Treatment of UV is based on disease severity, extent of systemic involvement, and response to treatment. If the disease is mainly cutaneous, the treatment is symptomatic. Antihistamines can diminish itching, whereas glucocorticoids, dapsone, hydroxychloroquine, and colchicine can clear the rash. For systemic disease, indomethacin can be used to alleviate arthralgias and arthritis while glucocorticoids and dapsone can be used for the systemic symptoms. For severe refractory disease, immunosuppressive medications such as glucocorticoids in combination with azathioprine, cyclophosphamide, cyclosporine, or methotrexate can be used.^3-5,7

Although UV is most often a benign self-limiting disease with an average disease interval lasting 3 to 4 years, it can, in some cases, last for decades. ² Because of the potential for lifelong debility, and treatability, it is essential to diagnosis this disorder as early as possible.

Conclusion

In Dr Jerome Groopman’s book How Doctors Think, he points out that for emergency room physicians, anchoring on a diagnosis and availability are the 2 most frequent cognitive biases.
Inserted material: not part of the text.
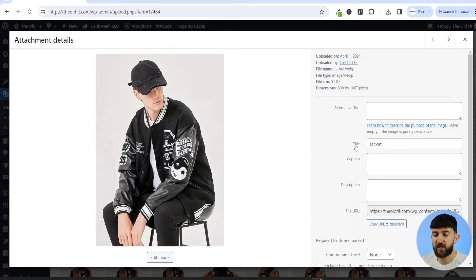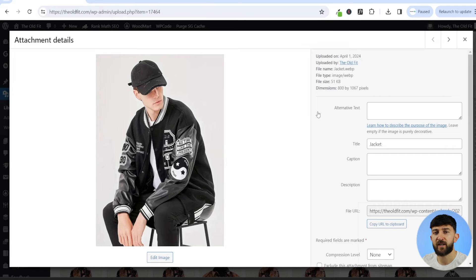If we click on this image, we can see that this is a WebP image. And there you have it — you now have your WebP images uploaded to your WordPress website.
And while “often they are all a doctor needs to hit the mark, to make a correct diagnosis and recommend an effective therapy . . . they can also veer wide of the mark.” ⁸ For all physicians, our ultimate goal is to hit the diagnostic target in a timely and effective manner in order that we improve the lives of our patients. To accomplish this successfully, physicians must remain acutely self-aware of the quality of their history taking, the accuracy of their examination, and, most important, the critical thinking skills employed to make a final diagnosis, as ignoring vital pieces of the information may result in a decade of error.